2. É uma excelente notícia do ponto de vista do Capitólio. Só não se percebe como o Prof.Carmona Rodrigues que, em campanha e confrontado com a classificação do Capitólio como IIP, e o seu reconhecimento internacional, disse à TV ser o Capitólio um aspecto secundário.

3. É uma meia-boa notícia o querer-se fazer regressar o Parque Mayer aos anos 20. Nos anos 20 o Parque Mayer era um conjunto de barracões, com vaudeville de nível baixo, com tendas e ringues. Só nos anos 30 foi dado novo impulso ao parque, começando-se pelo Capitólio como pólo de reconhecido gabarito, com o seu sistema de escadas-rolantes, o seu terraço panorâmico, etc. S+o nos anos 30 e 40 as produções subiriam de nível, depois, as grandes comédias com Estêvão Amarante e Luísa Satanela, os grandes autores de revista, o cinema popular, etc., etc..

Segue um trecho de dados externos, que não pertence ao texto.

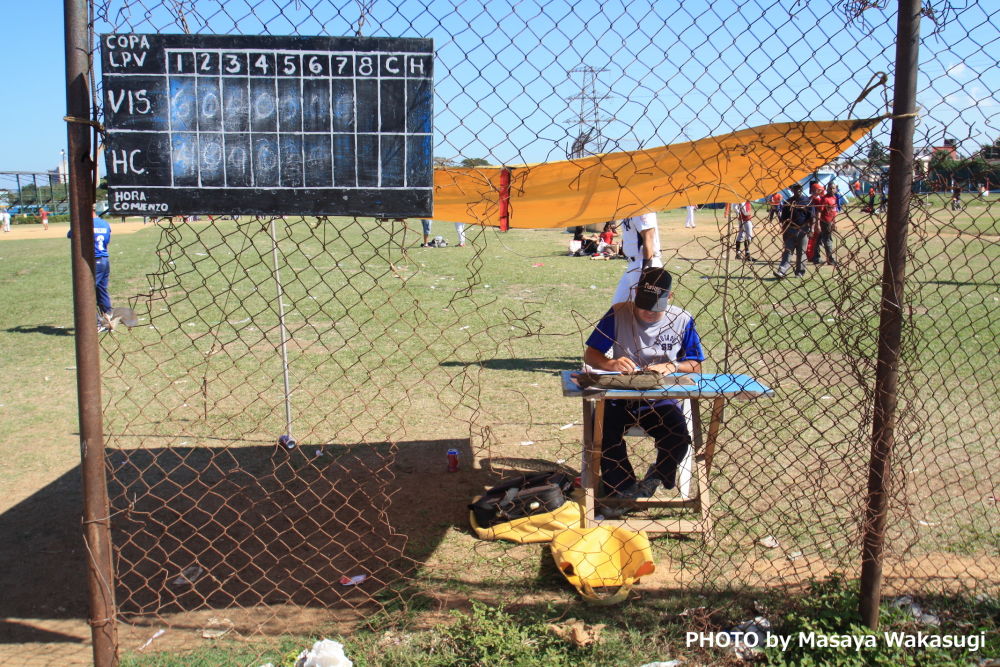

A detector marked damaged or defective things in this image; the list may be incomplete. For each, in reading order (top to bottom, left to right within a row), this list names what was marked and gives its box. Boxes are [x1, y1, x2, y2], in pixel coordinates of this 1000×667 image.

rusty fence post [63, 0, 119, 664]
rusty fence post [860, 0, 920, 632]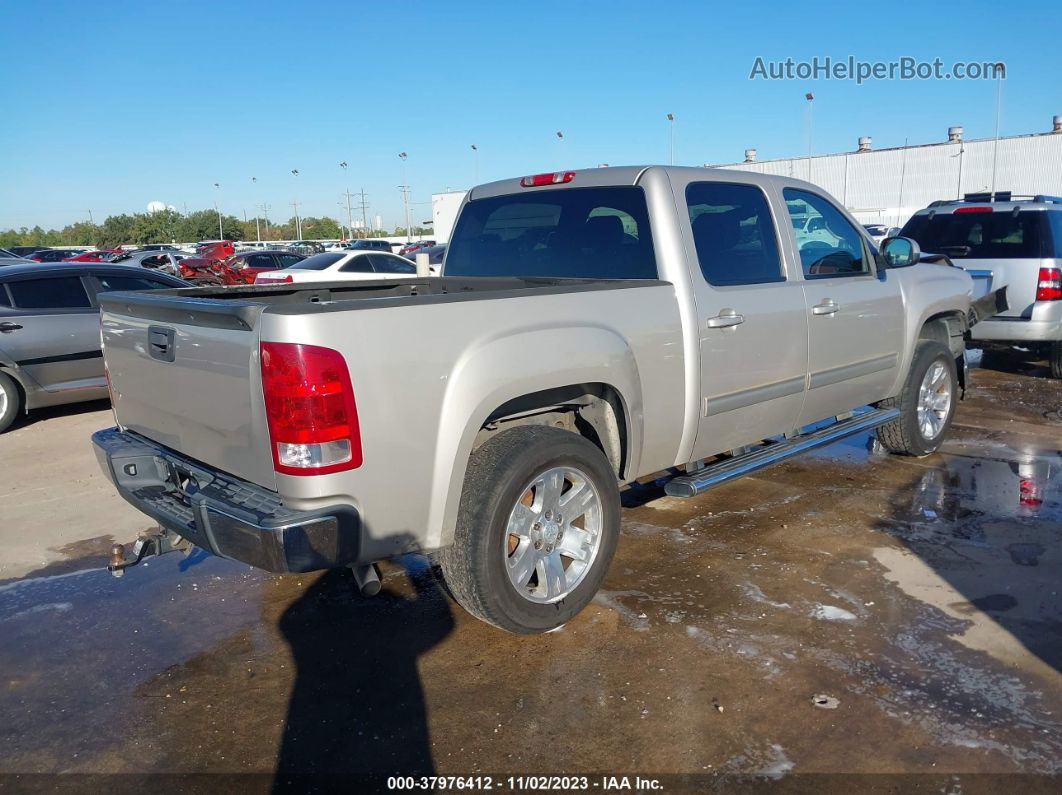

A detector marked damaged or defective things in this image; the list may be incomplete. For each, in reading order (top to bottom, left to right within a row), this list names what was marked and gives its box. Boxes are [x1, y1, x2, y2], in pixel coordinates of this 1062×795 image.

red damaged vehicle [181, 249, 306, 290]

4. O teatro de revista em Portugal vive de balões de oxigénio. Além do mais, autores como César de Oliveira já não existem, os textos desceram da piada política e picante para a porno-chachada. O ambiente não é de revivalismo, mas de decrepitude. Por isso, um Capitólio em pleno, recuperado conforme projecto original de Cristino da Silva, com exploração mista (cinema por protocolo com a Cinemateca, por exemplo, e teatro, de revista ou não) e em sintonia com o São Jorge, é a melhor solução para centro (e não acessório) do futuro Parque Mayer.

5. E centro de um jardim. É essa a melhor opção para o local sob todos os pontos de vista (lógico, financeiro, qualidade de vida): um jardim!

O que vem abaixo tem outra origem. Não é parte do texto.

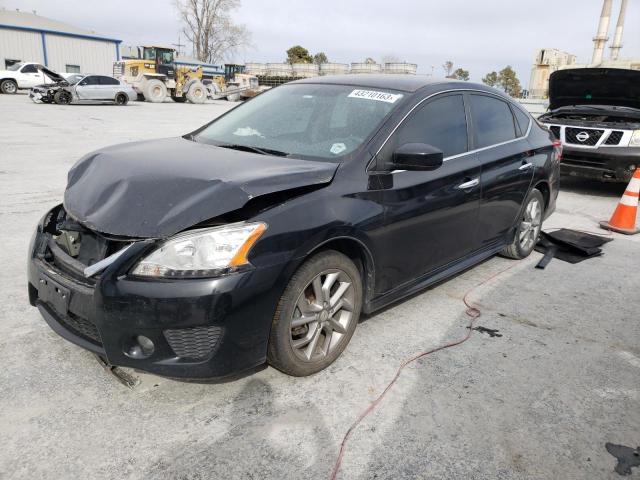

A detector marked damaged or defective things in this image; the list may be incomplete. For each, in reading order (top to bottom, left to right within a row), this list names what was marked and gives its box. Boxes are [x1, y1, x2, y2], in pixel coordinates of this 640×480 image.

crumpled hood [548, 67, 640, 110]
broken front grille [564, 126, 604, 145]
damaged front bumper [560, 145, 640, 183]
crumpled hood [63, 137, 340, 238]
damaged front bumper [27, 206, 282, 378]
broken front grille [164, 326, 224, 360]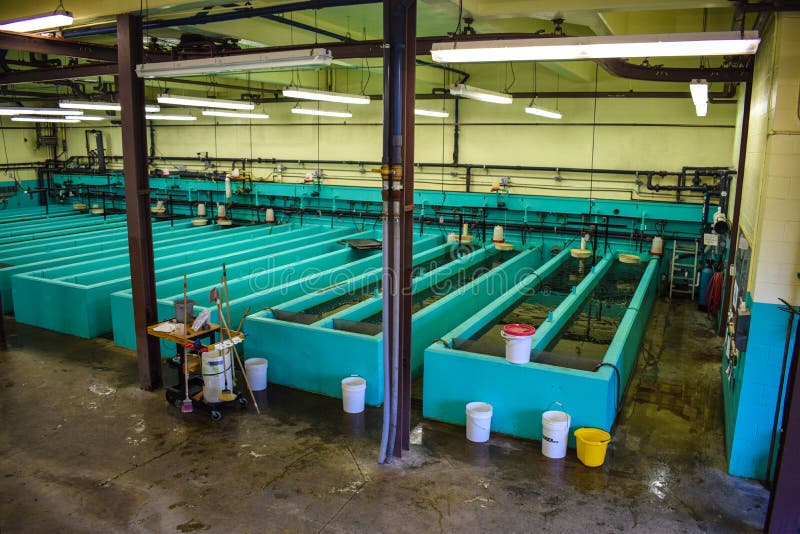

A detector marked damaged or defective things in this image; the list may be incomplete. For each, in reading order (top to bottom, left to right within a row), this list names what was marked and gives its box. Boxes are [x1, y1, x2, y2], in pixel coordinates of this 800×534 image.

rusty steel beam [0, 29, 120, 61]
rusty steel beam [0, 62, 117, 86]
rusty steel beam [116, 11, 160, 390]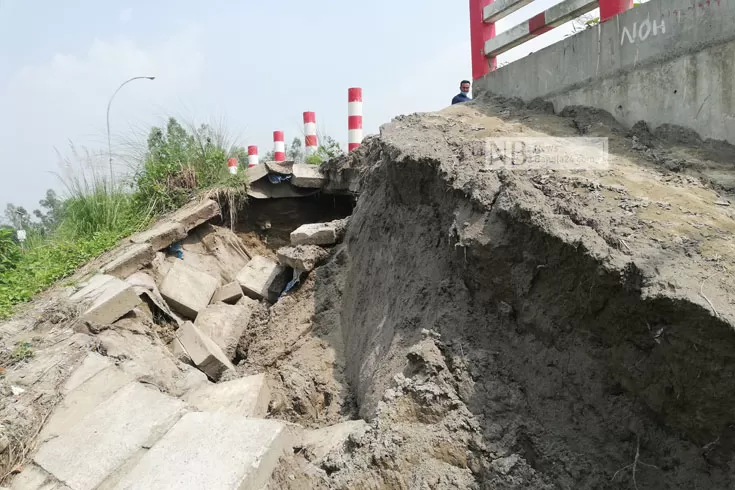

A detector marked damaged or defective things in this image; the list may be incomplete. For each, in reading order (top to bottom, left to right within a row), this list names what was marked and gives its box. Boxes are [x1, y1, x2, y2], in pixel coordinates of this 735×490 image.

broken concrete slab [292, 164, 326, 189]
broken concrete slab [71, 276, 142, 326]
broken concrete slab [100, 242, 155, 278]
broken concrete slab [129, 222, 187, 253]
broken concrete slab [159, 260, 218, 318]
broken concrete slab [168, 197, 220, 232]
broken concrete slab [208, 282, 243, 304]
broken concrete slab [237, 256, 292, 302]
broken concrete slab [278, 245, 330, 272]
broken concrete slab [177, 320, 234, 380]
broken concrete slab [193, 302, 253, 360]
broken concrete slab [38, 366, 134, 442]
broken concrete slab [184, 374, 274, 416]
broken concrete slab [34, 382, 187, 490]
broken concrete slab [109, 414, 288, 490]
broken concrete slab [300, 422, 370, 464]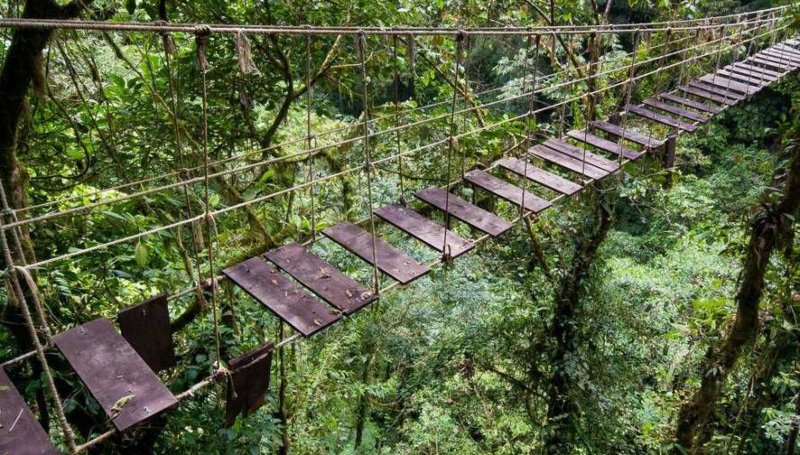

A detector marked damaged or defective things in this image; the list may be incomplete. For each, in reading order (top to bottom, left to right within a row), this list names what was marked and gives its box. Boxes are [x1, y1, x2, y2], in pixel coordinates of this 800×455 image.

rusty brown plank [628, 104, 696, 131]
rusty brown plank [644, 99, 712, 122]
rusty brown plank [660, 93, 720, 115]
rusty brown plank [322, 222, 428, 284]
rusty brown plank [376, 205, 476, 258]
rusty brown plank [412, 187, 512, 237]
rusty brown plank [466, 170, 552, 215]
rusty brown plank [494, 158, 580, 195]
rusty brown plank [532, 144, 612, 180]
rusty brown plank [540, 139, 620, 173]
rusty brown plank [568, 129, 644, 161]
broken plank [222, 258, 340, 336]
rusty brown plank [223, 258, 342, 336]
rusty brown plank [264, 244, 374, 316]
rusty brown plank [118, 296, 176, 374]
rusty brown plank [0, 370, 58, 455]
rusty brown plank [53, 318, 178, 432]
rusty brown plank [225, 344, 276, 430]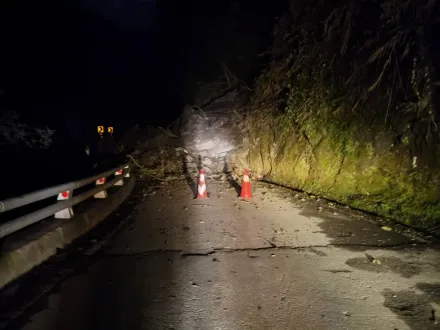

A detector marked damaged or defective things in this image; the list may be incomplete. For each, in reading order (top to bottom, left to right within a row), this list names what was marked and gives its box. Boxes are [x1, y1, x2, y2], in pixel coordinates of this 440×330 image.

cracked road [16, 177, 440, 328]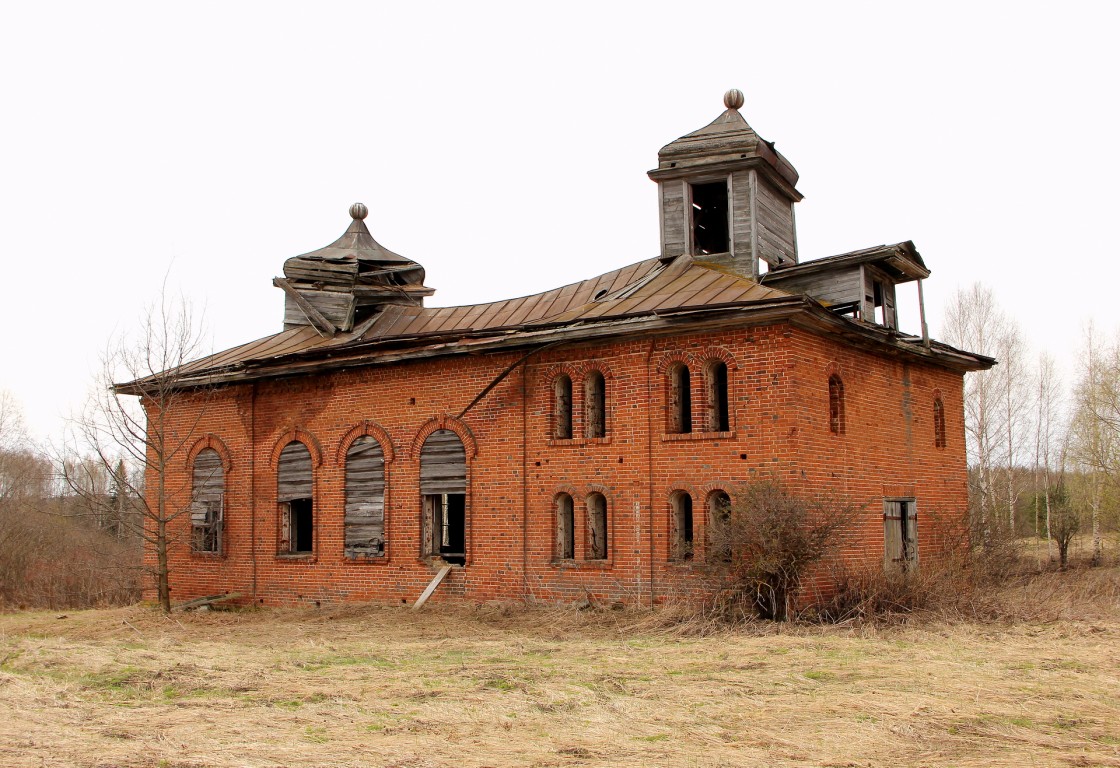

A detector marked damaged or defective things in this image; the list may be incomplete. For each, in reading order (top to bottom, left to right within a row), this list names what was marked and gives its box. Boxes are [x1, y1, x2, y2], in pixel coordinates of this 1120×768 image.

broken window [688, 180, 732, 255]
broken window [552, 376, 572, 440]
broken window [588, 370, 604, 438]
broken window [668, 364, 688, 436]
broken window [704, 362, 732, 432]
broken window [828, 376, 844, 436]
broken window [928, 396, 944, 450]
broken window [190, 450, 223, 552]
broken window [276, 440, 312, 556]
broken window [346, 438, 384, 560]
broken window [424, 428, 468, 568]
broken window [552, 492, 572, 560]
broken window [588, 496, 604, 560]
broken window [668, 496, 696, 560]
broken window [708, 492, 736, 564]
broken window [884, 500, 920, 568]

Um jardim que prolongue e projecte o Jardim Botânico até à Avenida. Um jardim que teça uma malha cultural, desde a Avenida, Restauradores e Torel, até à Praça da Alegria (Riz Clube, Hot Clube) e Príncipe Real. É isso que defendemos, tal como outros.

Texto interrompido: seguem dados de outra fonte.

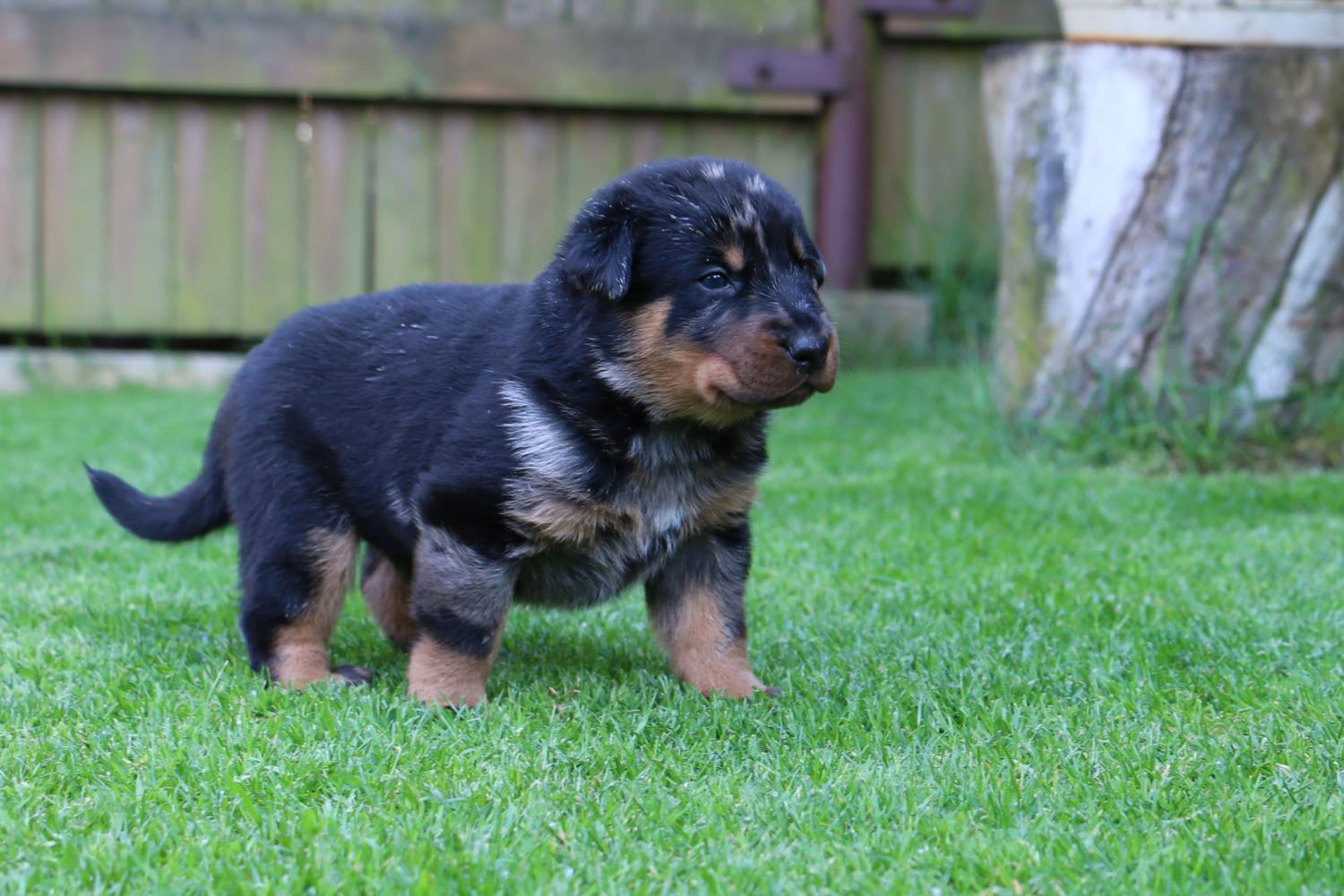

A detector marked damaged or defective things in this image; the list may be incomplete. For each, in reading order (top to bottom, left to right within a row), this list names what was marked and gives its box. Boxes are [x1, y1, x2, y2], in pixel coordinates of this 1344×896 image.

rusty metal post [817, 0, 878, 290]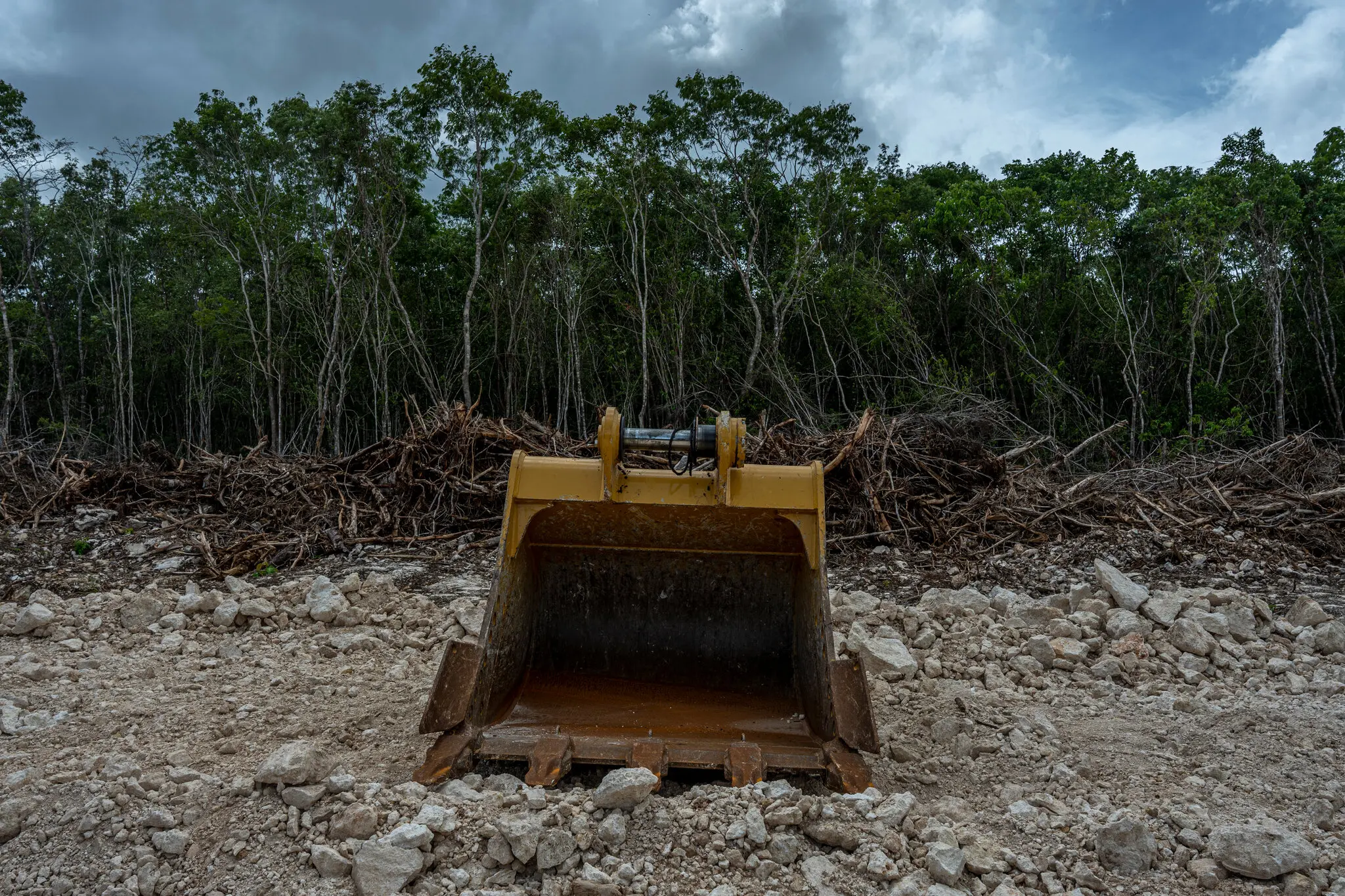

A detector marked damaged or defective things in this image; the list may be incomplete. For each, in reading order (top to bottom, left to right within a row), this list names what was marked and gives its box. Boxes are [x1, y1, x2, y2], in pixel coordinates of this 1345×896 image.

rusty metal surface [419, 642, 489, 731]
rusty metal surface [828, 655, 882, 752]
rusty metal surface [411, 731, 481, 784]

Não há que ter vergonha em copiar as boas ideias de terceiros! Vamos ao jardim?

PF

1 comentário:

  1. Uma vergonha e uma exibição de alta incompetência........diria.
    Com esse dinheiro tinha-se recuperado uma das pérolas escondidas (e abandonadas) de Lisboa, ali a 20 metros....o Jardim Botânico. O tal, para o qual, ainda há pouco tempo faltavam verbas para a conta da água (!). Para a conta bancária do Sr. Gehry, e para uns tantos outros fazerem “turismo” gratuito de qualidade, não houve problema. Até quando vamos aceitar barretes destes? e até quando vamos dar "carte blanche" a incompetentes deste nível?